Lo primero que se me viene a
la mente cuando pienso en Yokohama es que fue una de las escalas de Phileas
Fogg en su vuelta al mundo en 80 días. Todo un referente para un viajero como
yo. Algún año debería hacer ese viaje. En cualquier caso, ya que he llegado tan
cerca, no podía dejar pasar la oportunidad de conocer la ciudad.
Un trayecto de poco más de
media hora en tren me lleva desde Tokio a la estación central de Yokohama. Aunque
llego con unos cuantos puntos de referencia de lo que quiero ver, mi idea es
callejear entre uno y otro, como hacía en la novela el bueno de Passepartout.
Sin embargo, nada más salir de la estación, me he encontrado con la sede de Nissan. Así
que he parado un rato a ver los últimos modelos y a conducir en los simuladores
que ofrecen de forma gratuita.
Después de unas vueltas a toda
velocidad por no sé qué circuito, pongo los pies en el suelo y salgo del
edificio. Cruzo por una gran pasarela desde la que veo la primera panorámica de
la ciudad. A pesar de que está unida a Tokio, Yokohama es muy diferente a la
capital. También tiene grandes rascacielos, pero entre ellos hay anchas
avenidas, zonas verdes y, fundamentalmente, aire.
En mi camino, me fijo en que apenas
hay gente por la calle. En realidad, hay una cantidad normal de personas, pero
parece ínfima viniendo de Tokio. Quizá eso también ayuda a hacer el paseo más
agradable. Y, mientras doy vueltas a estas ideas, por fin llego al mar. Cruzo a
una pequeña isla, desde la que se puede apreciar el skyline de la ciudad. Pero
me quedo mirando unas pequeñas casas de colores, de un par de pisos como mucho,
que han sobrevivido en primera línea a la expansión de los rascacielos.
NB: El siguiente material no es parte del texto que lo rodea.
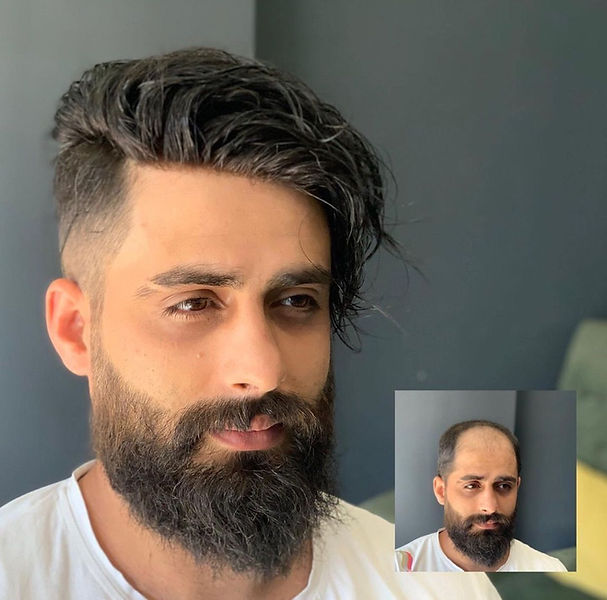 Toupee human hair pieces for men free shipping.jpeg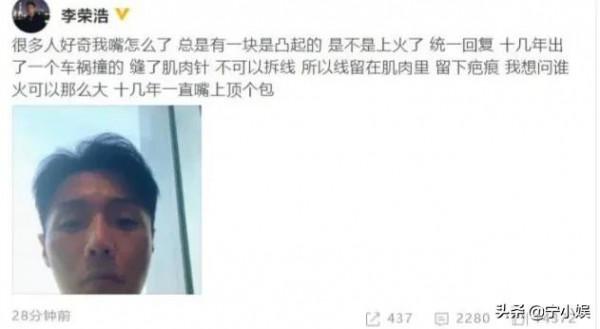 又一女星出車禍,國慶出行安全第一,這6位明星個個都是死裡逃生 又一女星出車禍,國慶出行安全第一,這6位明星個個都是死裡逃生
Me gusta
el contraste.
Un poco más allá comienza el
puerto. Quizá es lo menos vistoso de la ciudad, pero a la vez lo que la hizo
importante, ya que Yokohama fue durante años la principal conexión de Japón con
el resto del mundo. Entre las instalaciones portuarias destacan algunas
antiguas, restauradas y adaptadas ahora a un uso civil, y otras modernas. Entre
estas últimas, descubro que la terminal marítima fue diseñada por un español,
el arquitecto Alejandro Zaera. Cuando uno está tan lejos, a veces hasta hacen
ilusión estas cosas.
Para el final de mi paseo he
dejado el barrio chino. Sus colores fuertes, sus arcos de entrada y sus techos
picudos destacan entre las líneas rectas y los tonos apagados de los demás
edificios de la ciudad. También es la zona más bulliciosa. Guías con paraguas
en alto conducen a grupos de turistas japonesas que miran a ambos lados con
asombro como si pasearan por una ciudad extranjera. Supongo que los carteles
estarán en chino, aunque yo personalmente soy incapaz de distinguirlos de los
letreros en japonés.
El centro del barrio es un
pequeño templo al que se accede por unas amplias escaleras divididas en dos
tramos. Está más decorado que los demás que he visto hasta ahora. No sé si
estarán en fiestas o es siempre así. Aparte de eso, el barrio es una cuadrícula
de calles más anchas y pequeños callejones repletos de tiendas y restaurantes
chinos, atendidos todos por emigrados de aquel país. Para mi desgracia, no saben
más inglés que sus vecinos japoneses. Así que, un día más, no sé qué he
almorzado. Lo único que tengo claro es que picaba mucho.